Hi,
I have deployed a custom model (from a Docker image) in a Vertex AI endpoint.
When I try to get a prediction in Java with the following code:
private PredictResponse predict(String endpointId, String query, String project, String location) throws IOException {
try (PredictionServiceClient serviceClient = getPredictionServiceClient()) {
EndpointName endpointName = EndpointName.of(project, location, endpointId);
ListValue.Builder listValue = ListValue.newBuilder();
JsonFormat.parser().merge(query, listValue);
List<Value> instanceList = listValue.getValuesList();
PredictRequest request = PredictRequest.newBuilder()
.setEndpoint(endpointName.toString())
.addAllInstances(instanceList)
.build();
return serviceClient.predict(request);
}
}
I got a io.grpc.StatusRuntimeException: INTERNAL: RST_STREAM closed stream.

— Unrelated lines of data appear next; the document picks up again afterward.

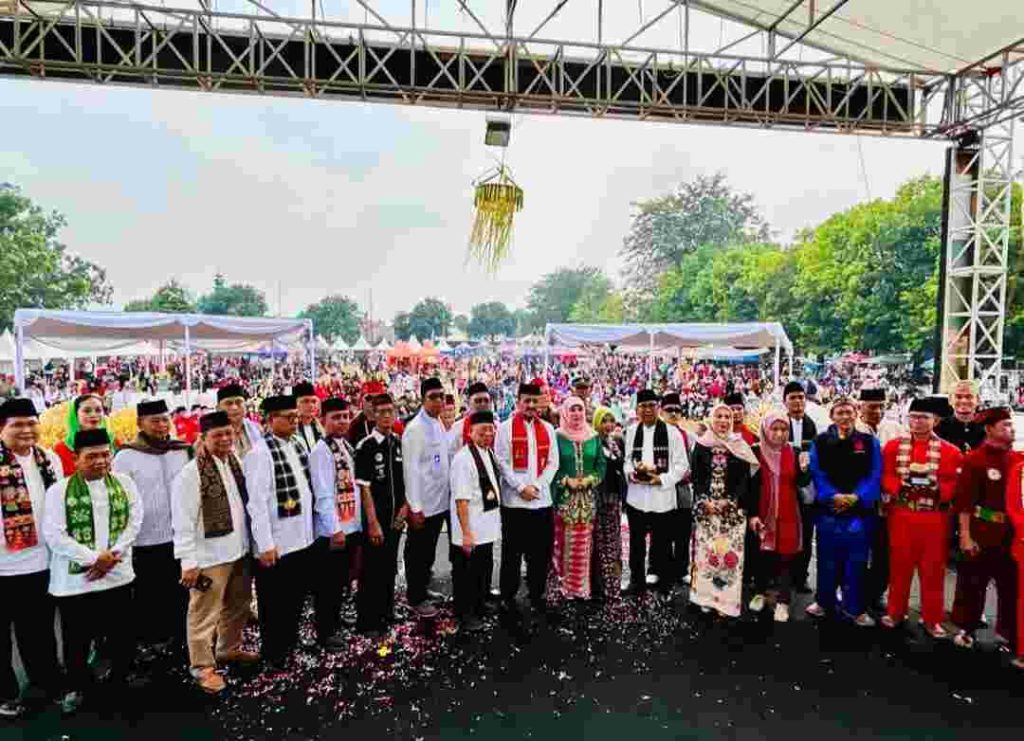 Walikota dan Ketua TP PKK Jaksel Hadiri Festival Budaya Kampung Petukangan
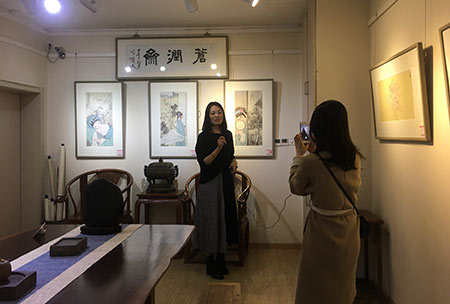 首页 画家陆彩娟此次的参展作品是画的一组昆剧人物,名为《春色如许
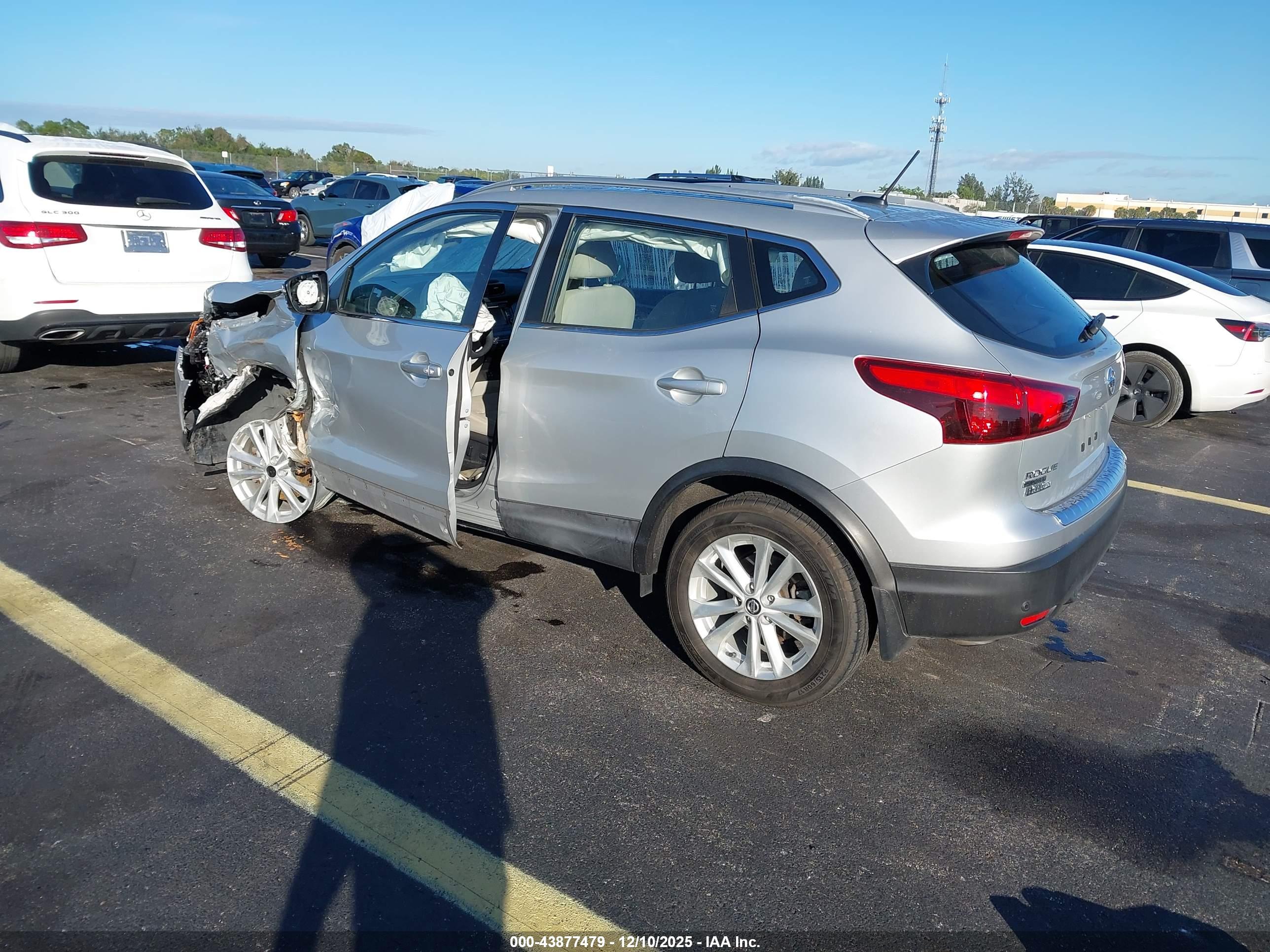 NISSAN ROGUE image 3
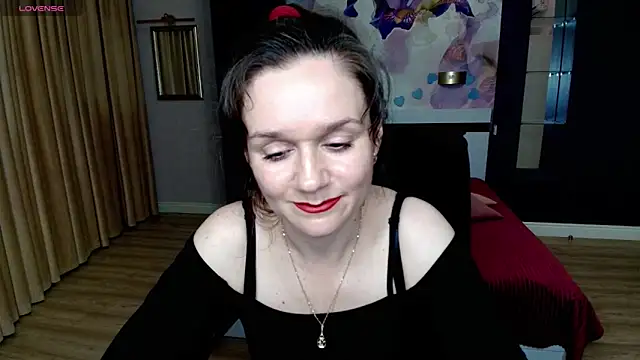 Snapshot of AriaGray chatting on May 2026 01:47:02 AM AriaGray online show from May 2026 01:47:02 AM
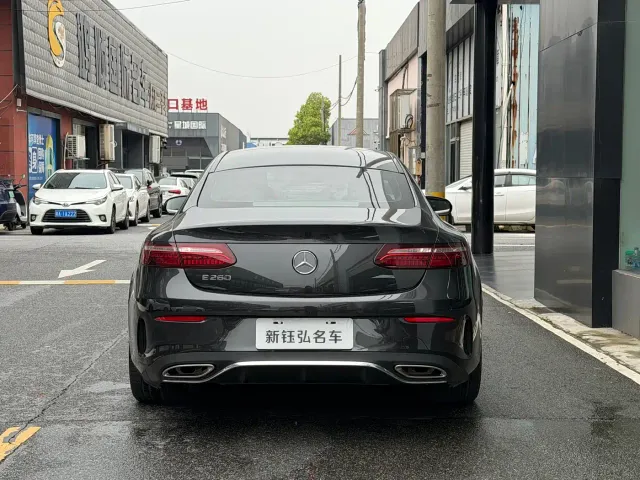 Mercedes-Benz E-Class — Фото автомобиля 3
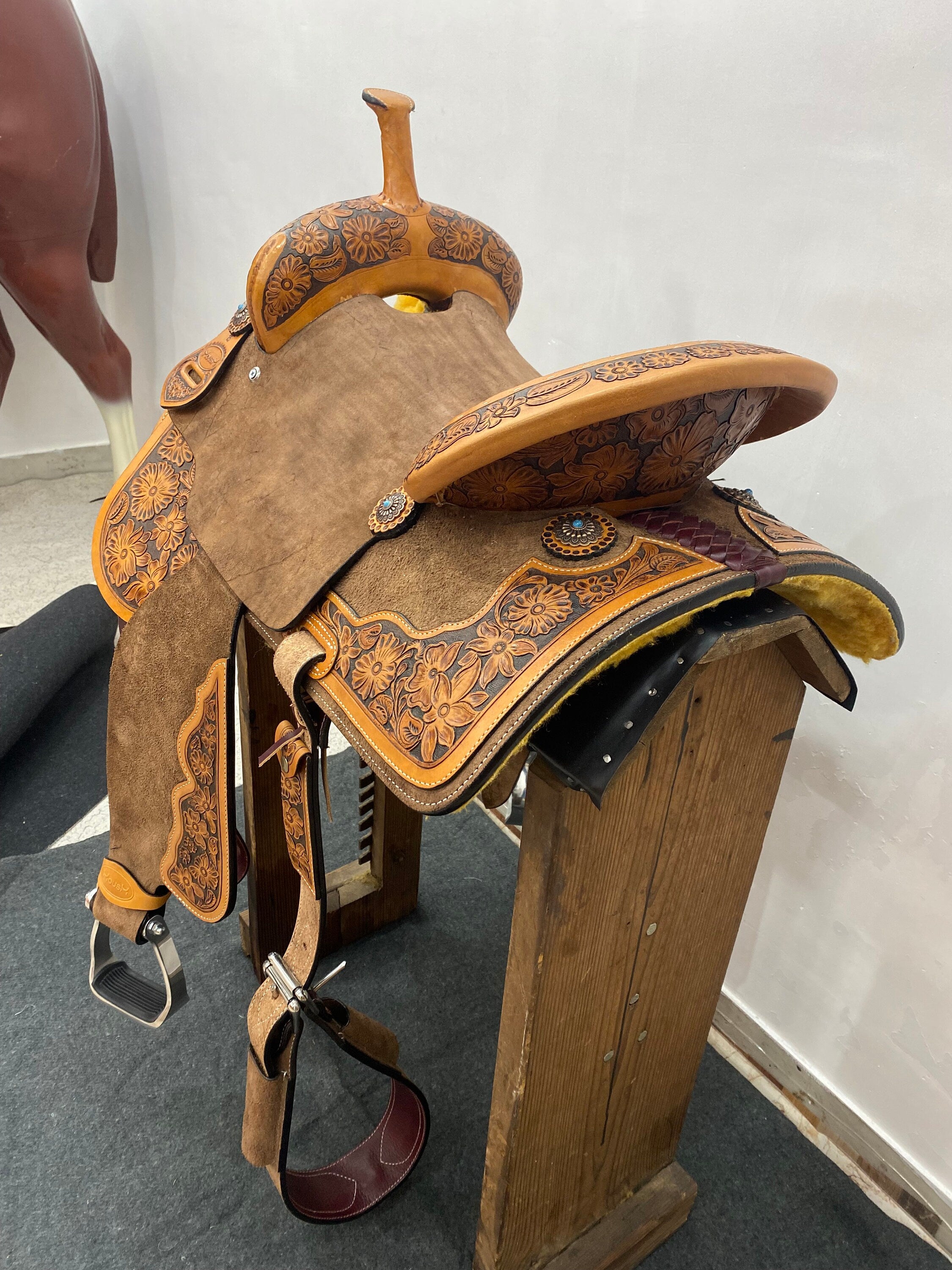 MOUSM Western Horse Saddle - Handcrafted with Hand-Tooled Flower Design, Build on Rawhide Covered Fiber Tree and Fancy Concho, Seat Sizes:13"-17" Inches
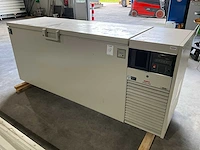 Sanyo ultra low mdf-794 laboratorium vriezer - afbeelding 1 van  14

HTTP/2 error code: INTERNAL_ERROR.
I see no error when I check the logs in the Google Cloud Console. It looks like the request has been processed without error.
The strange part is that everything is working if:
- I call another Vertex model endpoint (with a simpler model inside a Docker image)
- I use a HTTP REST request (with curl) to get the prediction from the initial model (instead of Java code)
The request in CLI works so it seems that the model+endpoint is working.
The request in Java to another endpoint is working, so the code seems correct.
Any idea how to debug/fix this?